About 40 per cent of ever married women in India have experienced physical or sexual violence at some stage with Bihar having the dubious distinction of highest number of spousal violence cases, the National Family Health Survey-III has revealed.
The final report of NFHS-III report released on Thursday said married women with no education were 46 per cent more likely to suffer from spousal violence than those having some education.
However, spousal violence extended to women who have 12 or more years of higher education, with 12 per cent of them reporting violence.
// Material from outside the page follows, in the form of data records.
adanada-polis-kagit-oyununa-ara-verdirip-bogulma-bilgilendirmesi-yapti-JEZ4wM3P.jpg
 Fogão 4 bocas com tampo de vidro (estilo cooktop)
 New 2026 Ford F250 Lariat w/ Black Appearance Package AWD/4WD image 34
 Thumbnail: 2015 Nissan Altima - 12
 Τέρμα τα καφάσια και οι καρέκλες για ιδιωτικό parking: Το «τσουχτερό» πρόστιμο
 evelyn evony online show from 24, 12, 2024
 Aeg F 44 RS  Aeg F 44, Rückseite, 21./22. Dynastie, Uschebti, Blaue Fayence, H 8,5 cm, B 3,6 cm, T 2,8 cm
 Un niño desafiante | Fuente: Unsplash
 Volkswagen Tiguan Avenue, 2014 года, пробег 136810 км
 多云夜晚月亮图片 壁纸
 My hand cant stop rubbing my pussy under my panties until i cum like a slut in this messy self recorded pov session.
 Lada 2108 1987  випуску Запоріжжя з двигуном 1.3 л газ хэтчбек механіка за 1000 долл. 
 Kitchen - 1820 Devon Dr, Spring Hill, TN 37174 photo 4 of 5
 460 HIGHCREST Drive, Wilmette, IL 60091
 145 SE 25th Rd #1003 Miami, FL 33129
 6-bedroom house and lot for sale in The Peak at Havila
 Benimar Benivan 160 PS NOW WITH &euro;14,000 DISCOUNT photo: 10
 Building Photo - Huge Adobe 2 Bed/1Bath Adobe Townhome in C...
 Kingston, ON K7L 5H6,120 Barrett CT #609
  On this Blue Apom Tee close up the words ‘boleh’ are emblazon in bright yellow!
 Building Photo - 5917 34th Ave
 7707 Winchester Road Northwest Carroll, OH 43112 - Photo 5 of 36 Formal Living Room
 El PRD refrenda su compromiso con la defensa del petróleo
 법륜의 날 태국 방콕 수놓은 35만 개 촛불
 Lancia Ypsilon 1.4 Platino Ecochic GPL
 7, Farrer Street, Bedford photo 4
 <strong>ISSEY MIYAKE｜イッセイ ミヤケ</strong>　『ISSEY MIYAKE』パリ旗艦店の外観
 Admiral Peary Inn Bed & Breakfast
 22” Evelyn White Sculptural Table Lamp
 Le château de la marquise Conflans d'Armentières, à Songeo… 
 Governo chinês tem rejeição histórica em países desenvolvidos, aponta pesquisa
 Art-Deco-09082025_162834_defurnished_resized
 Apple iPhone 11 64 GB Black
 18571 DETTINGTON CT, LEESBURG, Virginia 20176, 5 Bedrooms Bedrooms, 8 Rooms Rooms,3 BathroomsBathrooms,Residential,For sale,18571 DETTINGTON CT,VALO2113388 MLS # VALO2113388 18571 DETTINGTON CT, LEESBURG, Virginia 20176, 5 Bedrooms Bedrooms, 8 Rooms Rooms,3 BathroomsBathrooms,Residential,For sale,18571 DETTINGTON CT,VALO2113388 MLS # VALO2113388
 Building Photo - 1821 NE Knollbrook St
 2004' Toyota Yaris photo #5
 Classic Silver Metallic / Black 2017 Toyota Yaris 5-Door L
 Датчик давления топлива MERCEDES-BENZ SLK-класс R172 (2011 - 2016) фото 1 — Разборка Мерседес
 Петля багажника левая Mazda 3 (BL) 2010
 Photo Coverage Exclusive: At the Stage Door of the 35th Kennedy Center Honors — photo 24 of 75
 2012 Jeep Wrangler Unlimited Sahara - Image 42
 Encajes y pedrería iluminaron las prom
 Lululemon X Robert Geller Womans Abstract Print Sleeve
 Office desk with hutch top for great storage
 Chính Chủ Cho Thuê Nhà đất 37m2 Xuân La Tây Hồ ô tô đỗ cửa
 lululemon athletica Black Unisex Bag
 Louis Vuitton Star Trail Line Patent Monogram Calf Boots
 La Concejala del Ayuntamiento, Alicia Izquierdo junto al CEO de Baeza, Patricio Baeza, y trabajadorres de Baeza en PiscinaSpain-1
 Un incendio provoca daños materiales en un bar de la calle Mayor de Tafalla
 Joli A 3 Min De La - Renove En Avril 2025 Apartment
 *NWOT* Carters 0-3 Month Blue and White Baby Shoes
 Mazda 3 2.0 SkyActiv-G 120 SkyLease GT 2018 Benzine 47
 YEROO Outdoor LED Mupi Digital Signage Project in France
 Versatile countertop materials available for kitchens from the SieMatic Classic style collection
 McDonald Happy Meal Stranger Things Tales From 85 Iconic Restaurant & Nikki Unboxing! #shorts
Women in Himachal Pradesh suffered the least violence (6 per cent), the report revealed.
The final report released by Mission Director of the National Rural Health Mission G C Chaturvedi painted a mixed picture of India's overall reproductive health status.
On the one hand, women are having fewer children and infant mortality has dropped in the last seven years since the last NFHS survey in 1998-99. On the other hand, anaemia and malnutrition are still widespread among children and adults.
In an unusual juxtaposition, more adults, especially urban women, are overweight or obese than they were seven years ago.
It revealed that smaller families are slowly becoming the norm with fertility dropping to an average of 2.7 children from 2.9 children in the NFHS-2. Ten states, mostly in Southern India, have reached replacement level or below replacement level fertility.
While son preference remains a barrier to more rapid decline in fertility, an increasing number of mothers with only daughters say they want no more children.
In NFHS-3, 62 per cent women with two daughters and no sons say they want no more children, compared with 47 per cent seven years ago in NFHS-2.
Declining fertility could be attributed largely to women's increased use of contraception. For the first time ever, more than half of currently married women in India are using contraception, and their use of modern contraceptive methods increased from 43 to 49 per cent between NFHS-2 and NFHS-3.
A rise in the average age at marriage is also contributing to the drop in fertility. Forty-five per cent women between 20-24 years of age were married before attaining legal age of maturity of 18 years, compared with 50 per cent seven years earlier. This shift in age of marriage also influences the median age at first birth, which has increased by six months to 19.8 years.